Jan Conradi
Willi Kunz, Typography:
Formation + Transformation

Too many design volumes on bookstore shelves seem superficial and formulaic. However the formula must work: simply gather short snippets of quotes from currently hot professionals, combine the writing with colorful images, then bind it all under a title promising quick and easy answers to various design shortcomings. These books offer plenty to look at (or mimic) and a few gems of wit or wisdom to ponder. But then what?

Then reach for a reference that provides depth, substance and timelessness. A volume where the author’s vision and passion come together in a way that is moving, or perhaps I should say: transforming. Willi Kunz has once again written just such a book and anyone serious about typography should have Typography: Formation + Transformation as a reference.
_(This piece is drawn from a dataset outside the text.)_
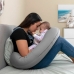 Multifunction Breastfeeding Pillow InnovaGoods Grey Multicolour (3 Units) (Refurbished A)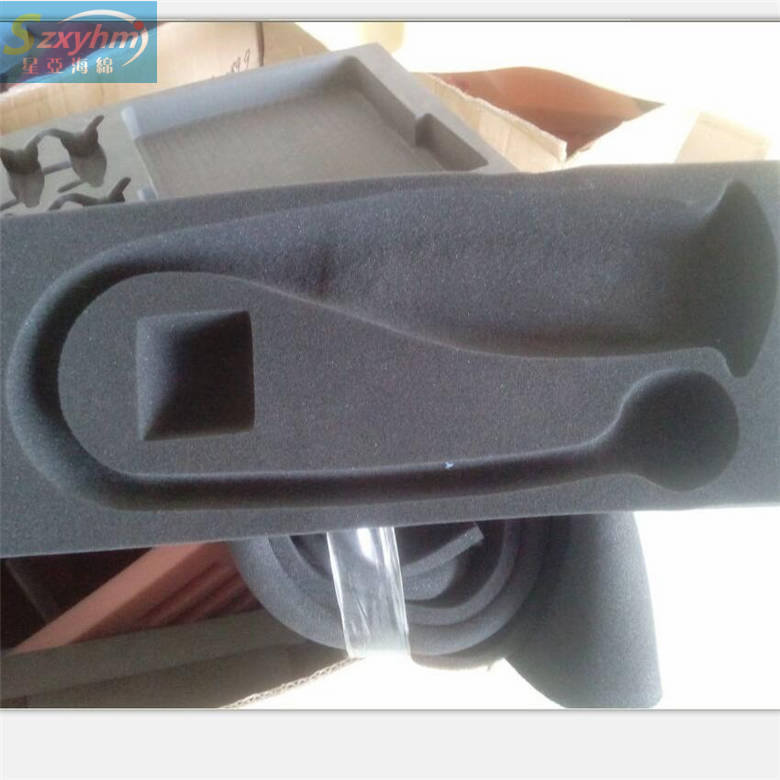 长期供应日化美妆包装盒海绵内衬 雕刻一次成形海绵内托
It is an inspiration both for beginning students of typography and for experienced designers who may need a reminder of what fascinated them about typographic communication in the first place.

Kunz writes much as he designs, with a refreshingly spare and focused approach. He is not afraid to use language that might challenge some readers, but he is just as likely to bluntly announce that a thoughtless approach to typographic space is “sloppy”. Kunz illustrates his ideas exclusively with his own work rather than showing work from a variety of designers. Some might say this is limiting but couldn’t one also argue, as he does, that it is inspirational? Seeing how one designer solves problems aids understanding for putting principles into practice. Kunz believes creating a body of work in a long-term relationship with a client allows visual communication to evolve and mature. He also believes setting high standards is the best route to intelligent design and professional satisfaction.

By dividing content into three sections, Kunz deconstructs typography as a mixture of art and science. The introduction acts as a manifesto of his believe in elemental design truths. It references his previous book, Typography: Macro- and Microaesthetics, reminding readers to think on both levels. While acknowledging stylistic variations as a reality in typographic design, Kunz is not drawn into arguments of style. He focuses instead upon key issues of clarity and effective communication.

The first section discusses fundamentals, but not by repeating ubiquitous classifications and lists of letterform vocabulary. The focus is upon the poetry of typographic form at the most basic level. Kunz encourages readers to consider possibilities inherent in structural forms of letters, words, and text. He raises questions but doesn’t always provide answers. He expects his readers to make connections and discover possibilities that resonate, sometimes with just a single example as a guidepost.

Where is formation? Where transformation? Kunz encourages us to distill typography to its essence then to build, shift, and layer, forming abstract symbols that transform into logical communication. Exercises on the creative potential embedded in form and counterform would be eye opening to a novice. How might a letterform logically evolve into a symbol or logo? Kunz shows how logical steps transform a Bodoni “a” into a symbol alluding to a sunlit pathway. Examples of posters, publications and experimental studies help clarify ideas for transforming space, proportion and composition. Final designs are often accompanied by superimposed structural diagrams to aid our understanding. Kunz wants readers to analyze design, to find patterns and connections. He wants us to become better, more thoughtful designers.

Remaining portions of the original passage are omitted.